# [EXCERPTED RECORDS]
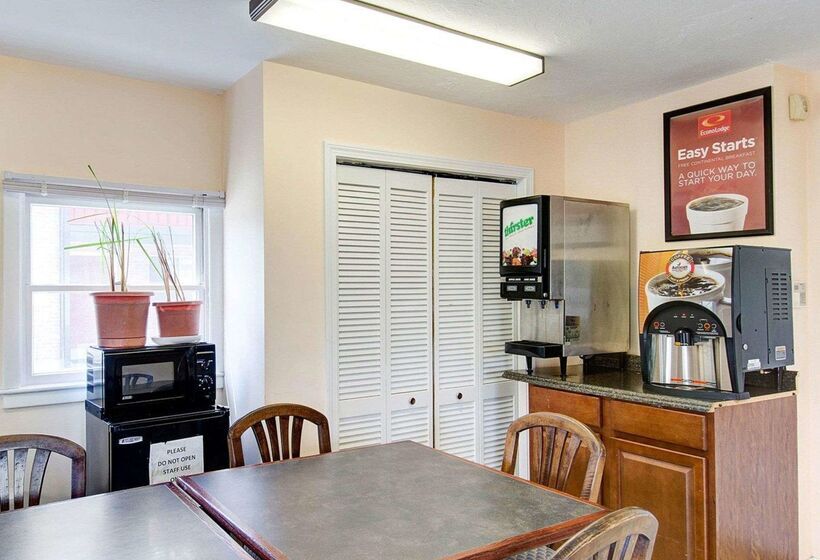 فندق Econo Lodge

* * *

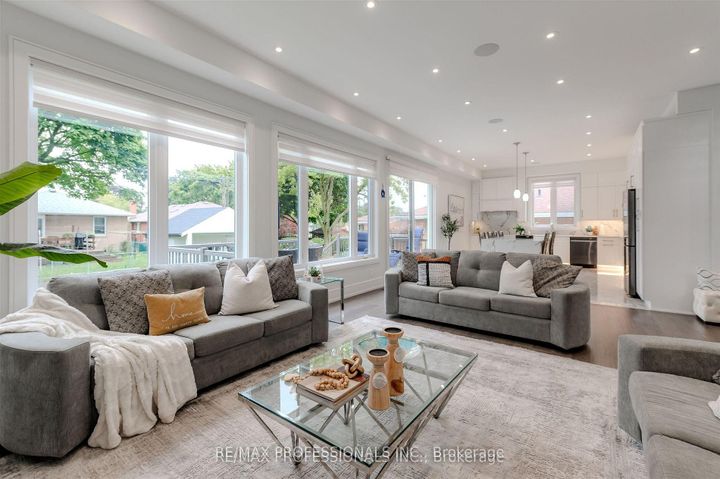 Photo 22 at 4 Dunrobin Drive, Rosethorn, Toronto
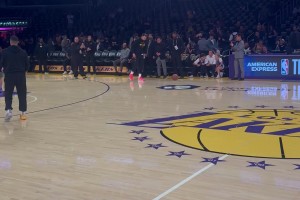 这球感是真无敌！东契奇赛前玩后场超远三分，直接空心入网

# [EXERCISE DESCRIPTION]
Going by the data above, the answer is exactly the lines from the one holding "Photo 22 at" to the one holding "这球感是真无敌！东契奇赛前玩后场超远三分，直接空心入网", both kept, with the pictures left out.

# [RESULT FOR THIS EXERCISE]
 Photo 22 at 4 Dunrobin Drive, Rosethorn, Toronto
 这球感是真无敌！东契奇赛前玩后场超远三分，直接空心入网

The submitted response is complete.